Damn the last half hour.
The Buenos Aires test felt like an opportunity to suggest Steve Hansen is our greatest All Black coach.
The stage had been set for another mandatory victory, another successful stop on the All Blacks' world domination tour, and they were winning in typical style. Topics are becoming hard to find, with each All Black victory looking like the next.
Then the test against Argentina collapsed like a drunk on a high wire and I felt obliged to backtrack quicker than Steve Tew heading for an airport. It was one of the ugliest half-hours of test rugby you could imagine, and there have been a few. Greatest was an inappropriate word.
Rugby has a serious problem if it wants to sell that muck to the world. Best to keep it in the backyard, methinks.
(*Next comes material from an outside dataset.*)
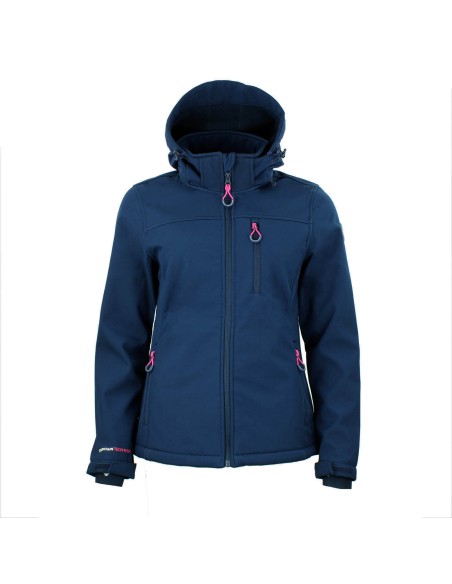 Blouson softshell femme ACLAUDIO/FF/B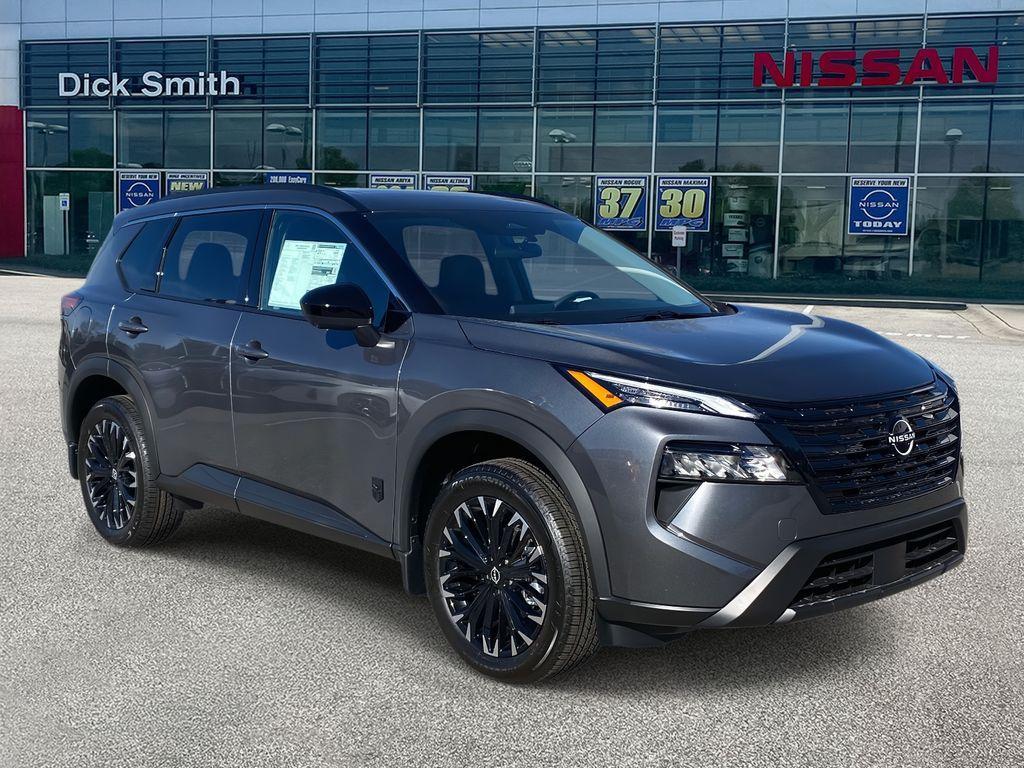 new 2026 Nissan Rogue car, priced at $36,980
But what the hell. On with the Steve Hansen theory. The All Blacks still won, and had been very impressive up until then. Buenos Aires is a tough place to play and Argentina showed their class in the last World Cup. They are certainly no easybeats - just ask France - and include tough hombres led by their captain Agustin Creevy and No8 Facundo Isa.
Isa had one of the greatest games I've seen from a test forward. He carted the ball ahead over and over again, and his skilful work included one amazing release of the ball when he was being bundled over the touchline. He shouldered a staggering workload with the ball.
In the end though, none of these things end up mattering when it comes to playing the All Blacks these days. The scoreboard always says the same thing, and it is hardly ever close.
Hansen has got one impressive World Cup triumph locked up, has another on the CV as an assistant, and has risen from the ashes of 2007 to win over what is usually a fairly critical home audience.
Undoubtedly a huge part of the secret sauce is the people he has surrounded himself with: Wayne Smith, Ian Foster, Grant Fox in particular. But that's all part of the deal. No previous coach has had the national side humming along in such a dominant fashion. There might be claims the poor state of world rugby is the foundation for this stunning run of success, but you can only play what's there, and the victories are generally by big margins.
Hansen has certainly got the cattle, but you still need to know how to use them. When it comes to world rugby, there is a great divide.
There are intriguing and hopefully genuine, tough challenges ahead for the All Blacks - the Lions, England and the next World Cup. Maybe there is a fall in there somewhere. For now, though, Hansen is untouchable.